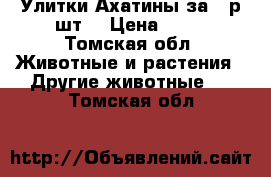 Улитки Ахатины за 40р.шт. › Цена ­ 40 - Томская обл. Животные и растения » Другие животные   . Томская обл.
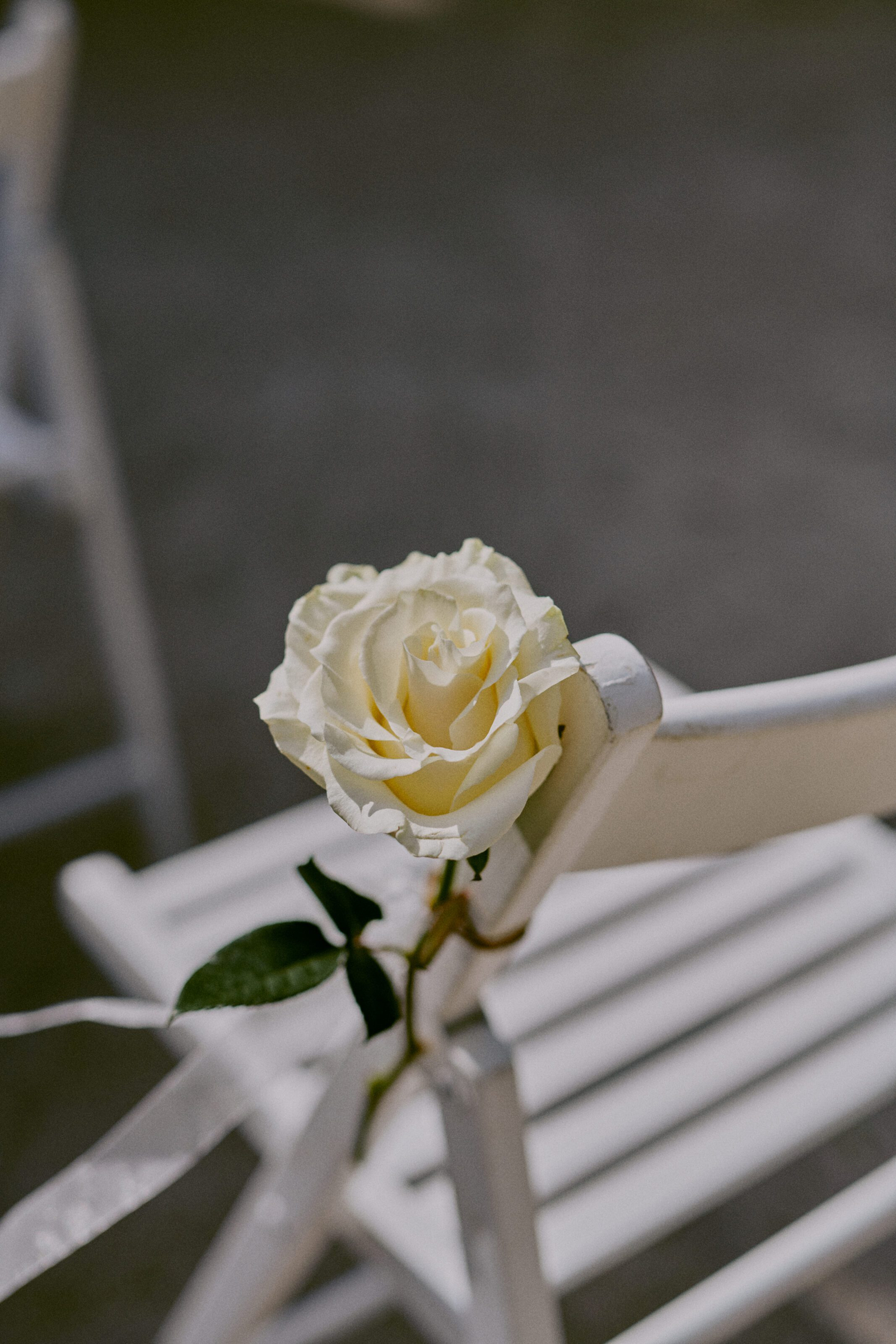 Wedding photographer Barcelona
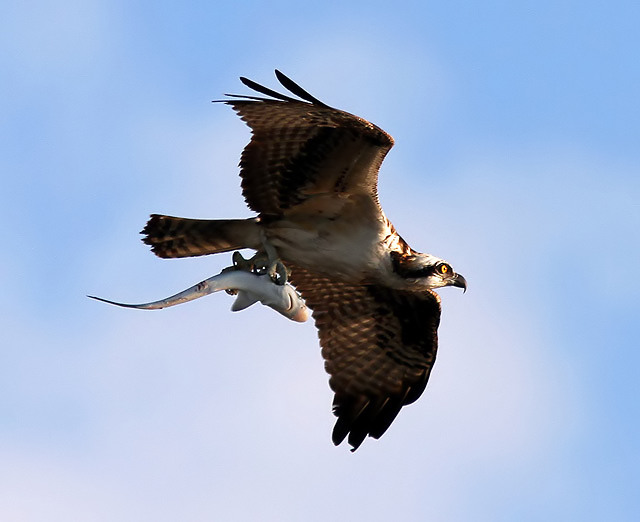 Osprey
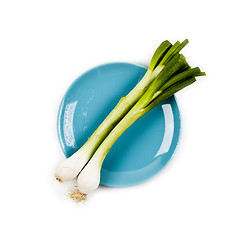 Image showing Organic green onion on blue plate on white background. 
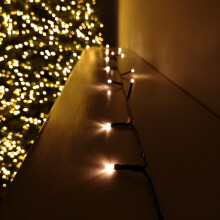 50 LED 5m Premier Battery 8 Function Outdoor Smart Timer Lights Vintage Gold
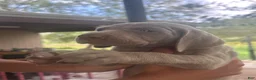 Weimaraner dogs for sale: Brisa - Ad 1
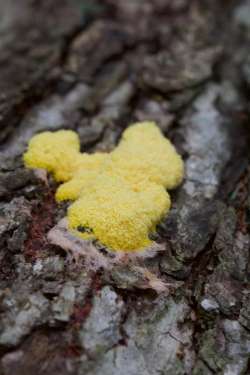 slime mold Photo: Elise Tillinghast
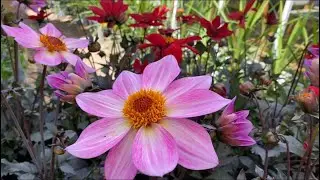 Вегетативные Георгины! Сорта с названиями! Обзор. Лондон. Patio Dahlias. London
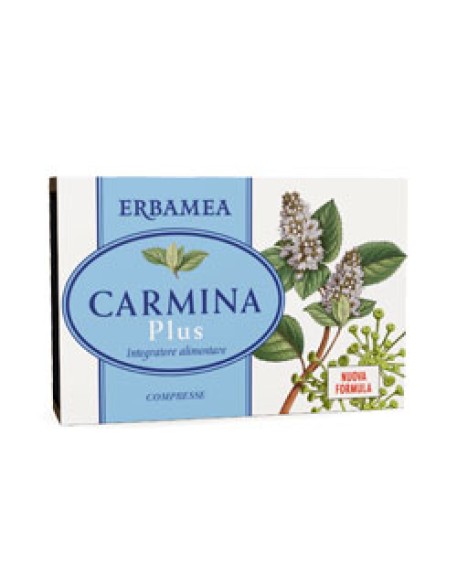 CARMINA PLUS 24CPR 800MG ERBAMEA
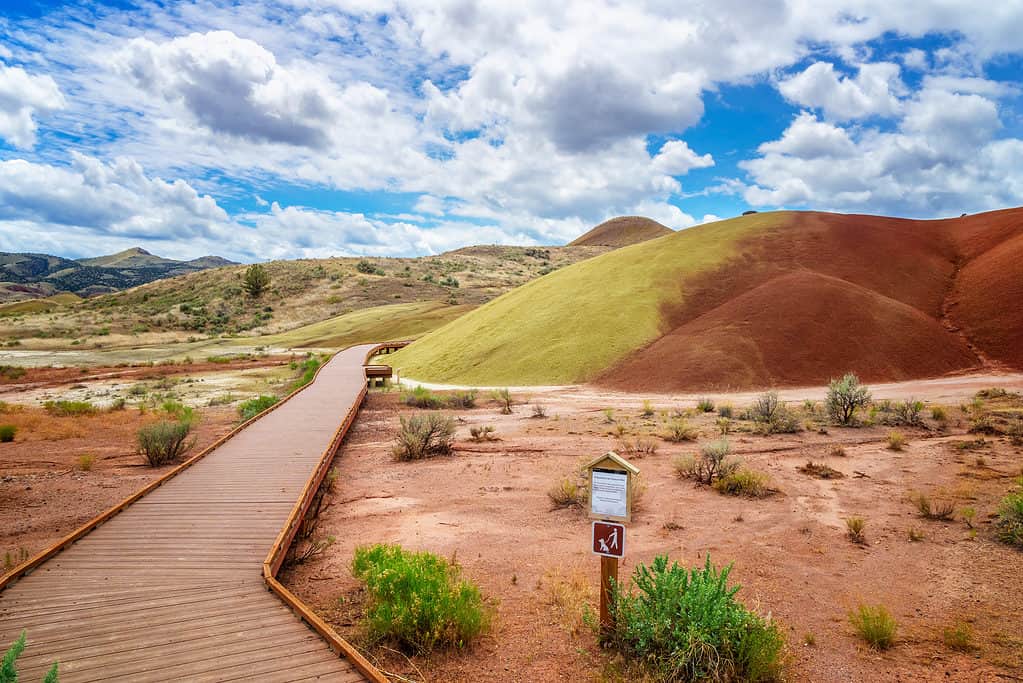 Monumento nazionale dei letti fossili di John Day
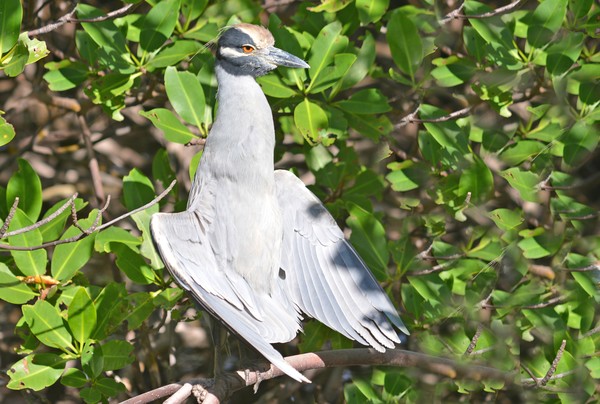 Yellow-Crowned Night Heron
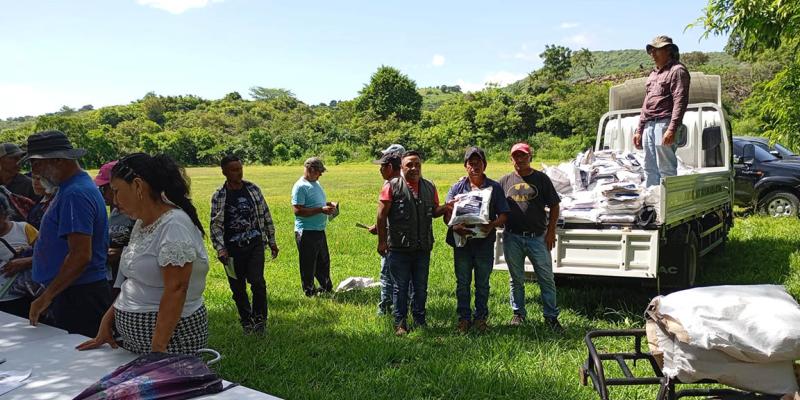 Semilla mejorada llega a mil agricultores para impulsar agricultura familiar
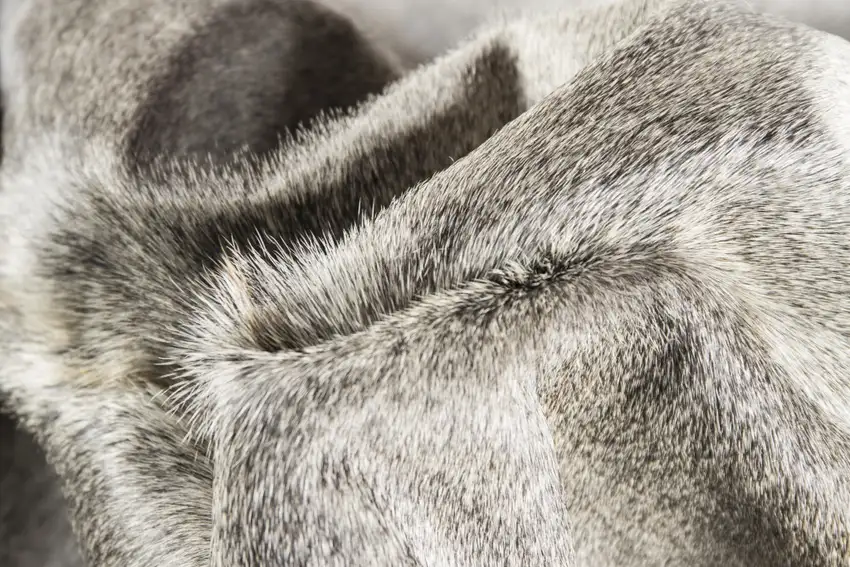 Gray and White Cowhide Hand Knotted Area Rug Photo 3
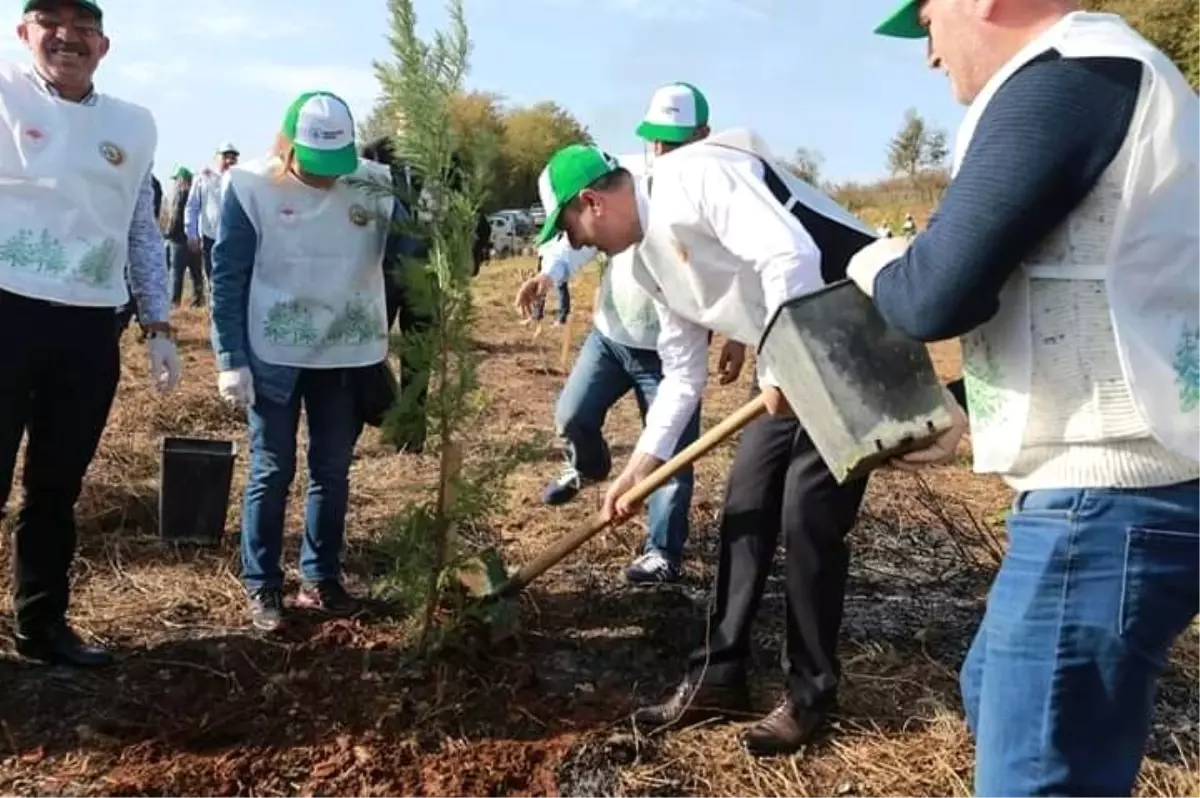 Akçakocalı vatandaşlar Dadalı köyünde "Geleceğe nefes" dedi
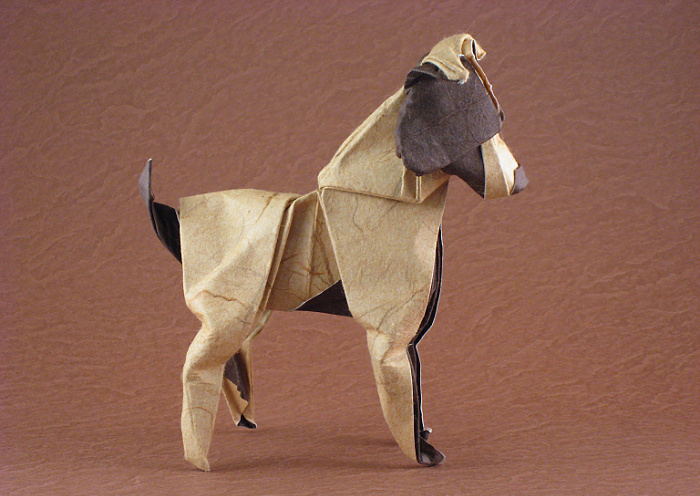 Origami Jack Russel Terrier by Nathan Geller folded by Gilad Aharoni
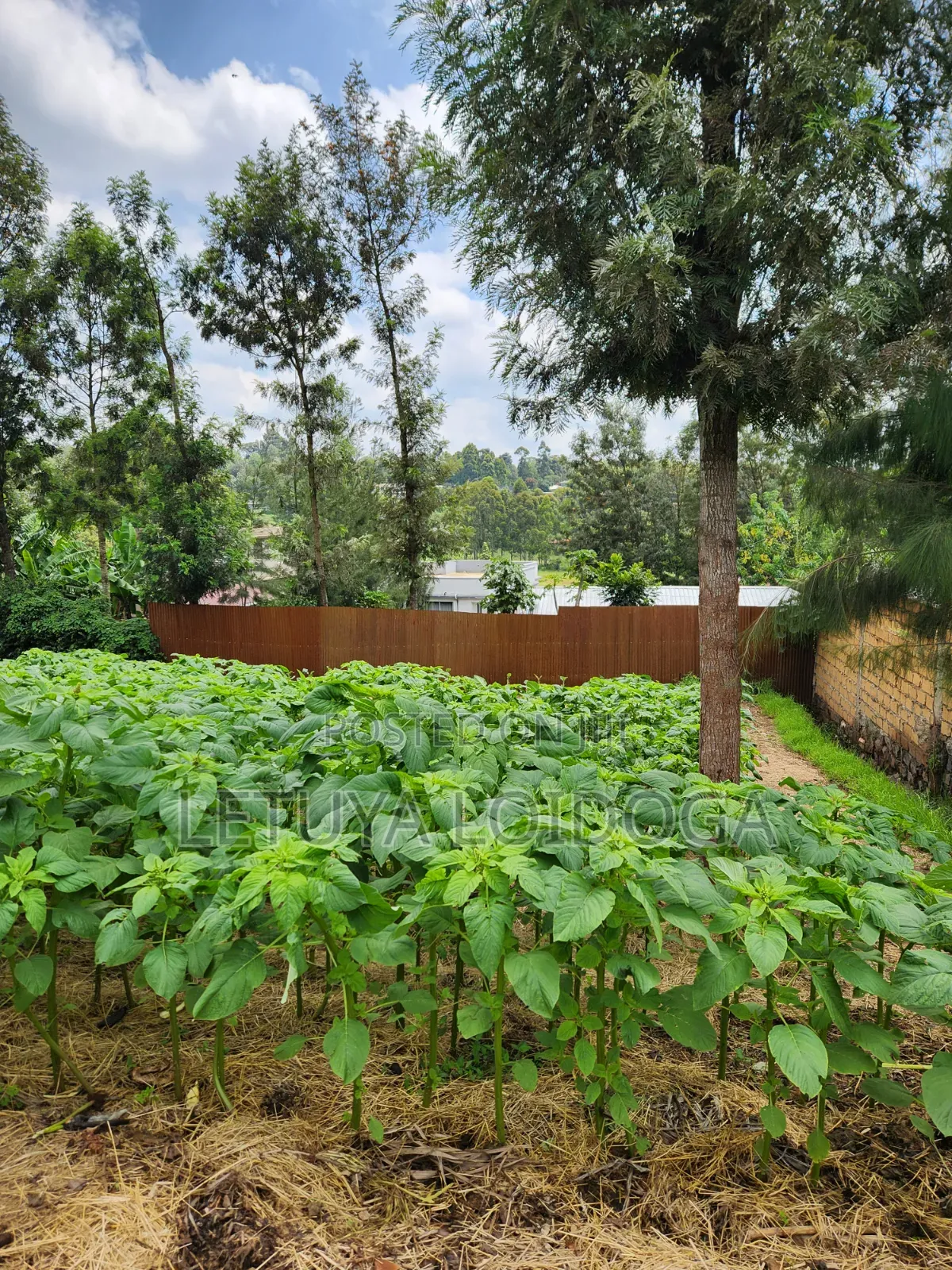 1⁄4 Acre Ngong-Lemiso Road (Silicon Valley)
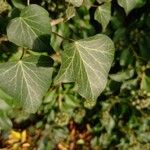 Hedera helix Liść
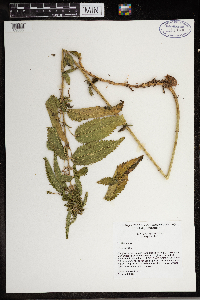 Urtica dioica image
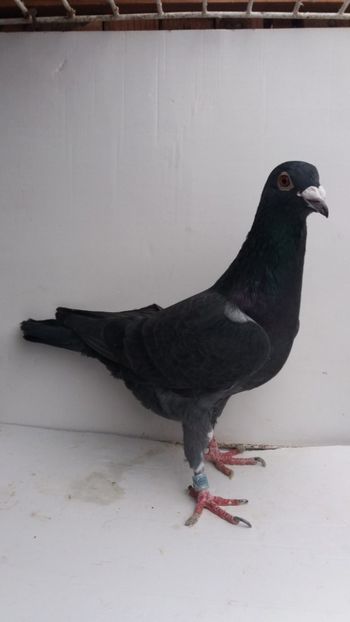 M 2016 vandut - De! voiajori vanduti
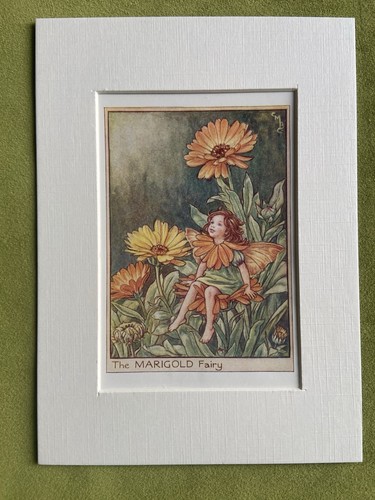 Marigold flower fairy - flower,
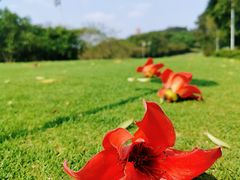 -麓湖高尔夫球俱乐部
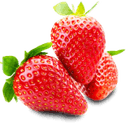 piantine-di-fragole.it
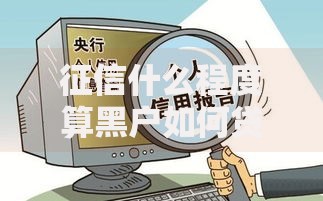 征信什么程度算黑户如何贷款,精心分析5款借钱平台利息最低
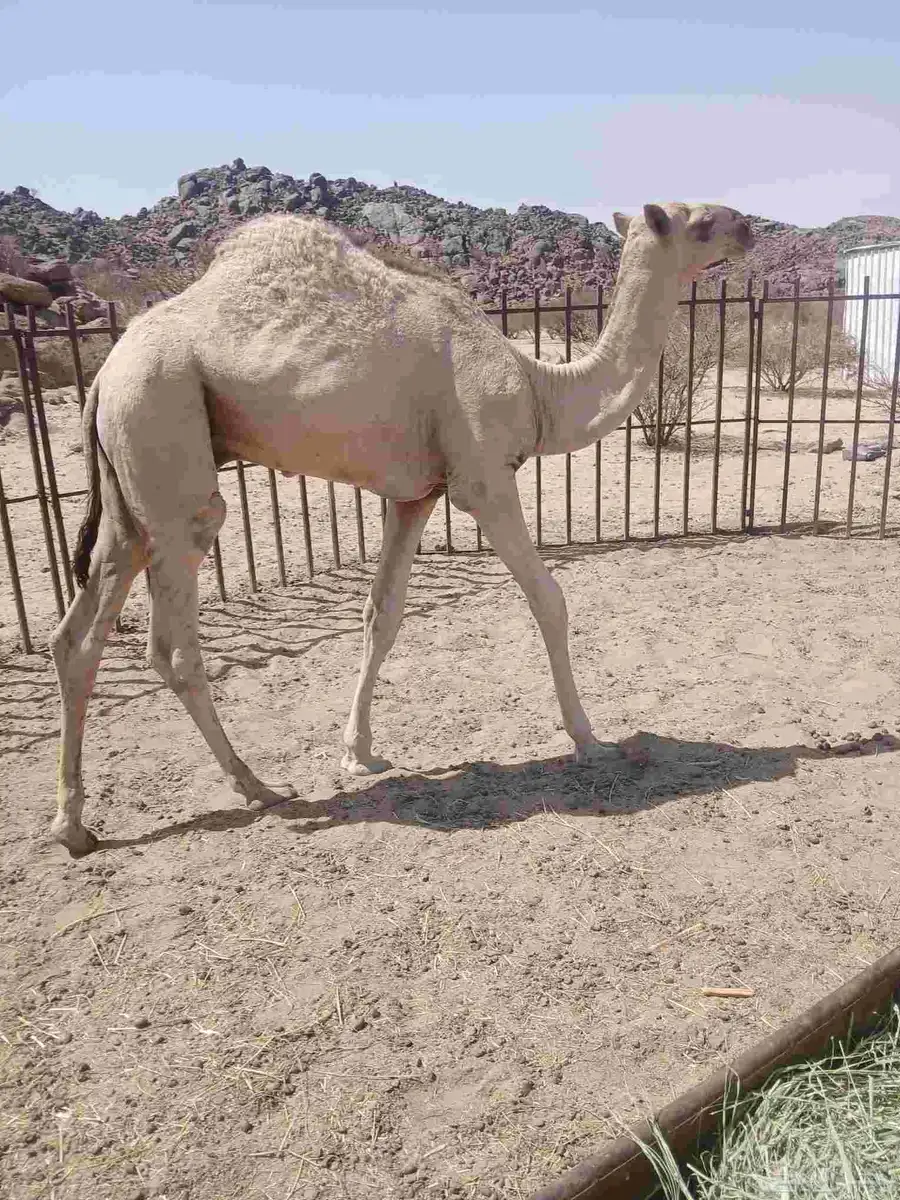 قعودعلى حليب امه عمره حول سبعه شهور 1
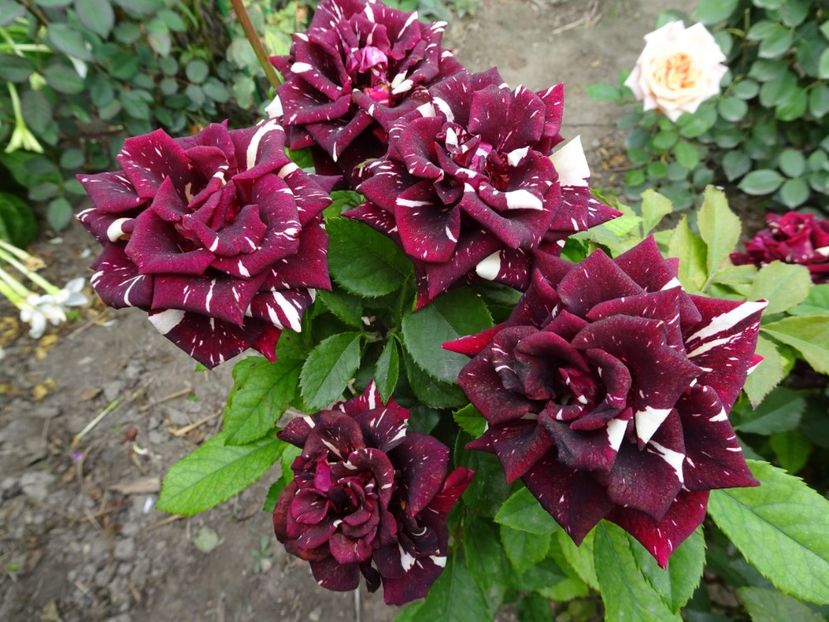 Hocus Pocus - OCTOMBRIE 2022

Your task: None of the pictures belong in the result. Print exactly the lines from the one containing "CARMINA PLUS 24CPR 800MG ERBAMEA" through the final line of the entries.

Written answer:
 CARMINA PLUS 24CPR 800MG ERBAMEA
 Monumento nazionale dei letti fossili di John Day
 Yellow-Crowned Night Heron
 Semilla mejorada llega a mil agricultores para impulsar agricultura familiar
 Gray and White Cowhide Hand Knotted Area Rug Photo 3
 Akçakocalı vatandaşlar Dadalı köyünde "Geleceğe nefes" dedi
 Origami Jack Russel Terrier by Nathan Geller folded by Gilad Aharoni
 1⁄4 Acre Ngong-Lemiso Road (Silicon Valley)
 Hedera helix Liść
 Urtica dioica image
 M 2016 vandut - De! voiajori vanduti
 Marigold flower fairy - flower,
 -麓湖高尔夫球俱乐部
 piantine-di-fragole.it
 征信什么程度算黑户如何贷款,精心分析5款借钱平台利息最低
 قعودعلى حليب امه عمره حول سبعه شهور 1
 Hocus Pocus - OCTOMBRIE 2022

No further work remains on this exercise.